In urban recycling centers, the MRS-YOLO model can be deployed to automate the sorting process of recyclable materials. Equipped with high-definition cameras, the system captures images of waste items on conveyor belts. The model detects and classifies each item in real-time, directing them to appropriate sorting bins. This automation significantly reduces manual labor, enhances sorting accuracy, and increases overall efficiency. By continuously monitoring the system’s performance, operators can identify bottlenecks and optimize operational workflows.
In a city-wide waste management initiative, the MRS-YOLO model can be integrated into smart waste bins placed in public areas. These bins, equipped with cameras and IoT sensors, utilize the model to identify and classify deposited waste items. The classification data are sent to a central management system, which provides real-time insights into waste composition and collection patterns. This information helps in optimizing collection routes, reducing operational costs, and promoting recycling efforts. Challenges such as varying lighting conditions and environmental factors can be mitigated through the model’s robust detection capabilities.

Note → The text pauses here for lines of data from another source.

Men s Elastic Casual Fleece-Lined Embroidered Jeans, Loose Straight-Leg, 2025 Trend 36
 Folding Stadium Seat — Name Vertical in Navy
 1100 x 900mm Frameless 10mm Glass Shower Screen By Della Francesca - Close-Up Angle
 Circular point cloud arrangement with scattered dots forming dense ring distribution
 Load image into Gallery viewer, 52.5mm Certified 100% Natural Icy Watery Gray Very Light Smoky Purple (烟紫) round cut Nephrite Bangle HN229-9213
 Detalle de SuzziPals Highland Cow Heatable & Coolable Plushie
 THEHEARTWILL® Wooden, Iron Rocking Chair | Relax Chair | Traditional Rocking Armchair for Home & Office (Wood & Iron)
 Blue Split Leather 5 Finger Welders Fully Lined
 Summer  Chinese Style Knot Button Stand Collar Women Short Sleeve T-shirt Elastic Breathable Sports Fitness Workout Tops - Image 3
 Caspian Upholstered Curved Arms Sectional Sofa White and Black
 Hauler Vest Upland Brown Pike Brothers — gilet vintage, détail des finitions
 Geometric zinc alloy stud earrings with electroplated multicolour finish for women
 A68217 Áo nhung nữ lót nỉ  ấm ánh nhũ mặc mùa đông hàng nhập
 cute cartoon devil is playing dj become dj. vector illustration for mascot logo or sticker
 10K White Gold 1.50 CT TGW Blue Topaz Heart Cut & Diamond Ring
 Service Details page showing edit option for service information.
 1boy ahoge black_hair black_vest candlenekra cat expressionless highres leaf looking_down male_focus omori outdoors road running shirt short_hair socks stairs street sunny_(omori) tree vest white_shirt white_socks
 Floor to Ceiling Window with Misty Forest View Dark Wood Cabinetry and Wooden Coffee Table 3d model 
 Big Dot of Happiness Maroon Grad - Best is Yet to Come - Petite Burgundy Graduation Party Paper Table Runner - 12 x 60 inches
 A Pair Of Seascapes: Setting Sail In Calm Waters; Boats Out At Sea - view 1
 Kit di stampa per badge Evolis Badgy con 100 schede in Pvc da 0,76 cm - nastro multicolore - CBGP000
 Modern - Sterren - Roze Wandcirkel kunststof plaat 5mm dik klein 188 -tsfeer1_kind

In industrial settings, the MRS-YOLO model can be used to manage waste generated from manufacturing processes. By integrating the model with robotic arms and conveyor systems, waste items are automatically identified and sorted based on material type. This automation minimizes human intervention, reduces sorting errors, and improves the efficiency of waste-handling processes. Regular performance evaluations and system updates ensure that the model adapts to changing waste types and quantities, maintaining high accuracy and reliability. These case studies demonstrate the practical advantages of the MRS-YOLO model in diverse waste management applications. The model’s ability to accurately detect and classify waste in real-time, coupled with its adaptability to different environments, underscores its potential to revolutionize waste management systems and contribute to environmental sustainability.
6. Conclusion and Future Research
This study introduces the MRS-YOLO model for high-precision waste detection and classification, showcasing its significant advancements over existing models. The key contributions include the novel feature extraction method based on C2f, the SlideLoss_IOU technique for improved small target detection, and the integration of the RepViT network architecture. These innovations collectively enhance the model’s accuracy, speed, and robustness. The comprehensive experimental validation, including ablation studies, highlights the effectiveness of each component and the synergistic improvements in performance. The practical applications and case studies further underscore the model’s potential to transform waste management systems.
While the MRS-YOLO model demonstrates substantial improvements, there are several areas for future research. Further optimization of the model, including techniques like model pruning and quantization, can be explored to enhance real-time processing capabilities without sacrificing accuracy. Expanding the application of the MRS-YOLO model to other waste management scenarios, such as marine debris detection and hazardous waste identification, can broaden its impact. Investigating solutions to overcome current limitations, such as performance under extreme environmental conditions or the detection of highly occluded objects, can further improve the model’s robustness. Developing seamless integration strategies with IoT-based waste management systems to facilitate real-time data exchange and operational control is also crucial. Finally, implementing long-term monitoring and evaluation frameworks to ensure the system’s stability, reliability, and adaptability to changing waste management needs will be vital. These future research directions aim to build upon the foundational work presented in this study, driving continued innovation and improvement in intelligent waste management technologies.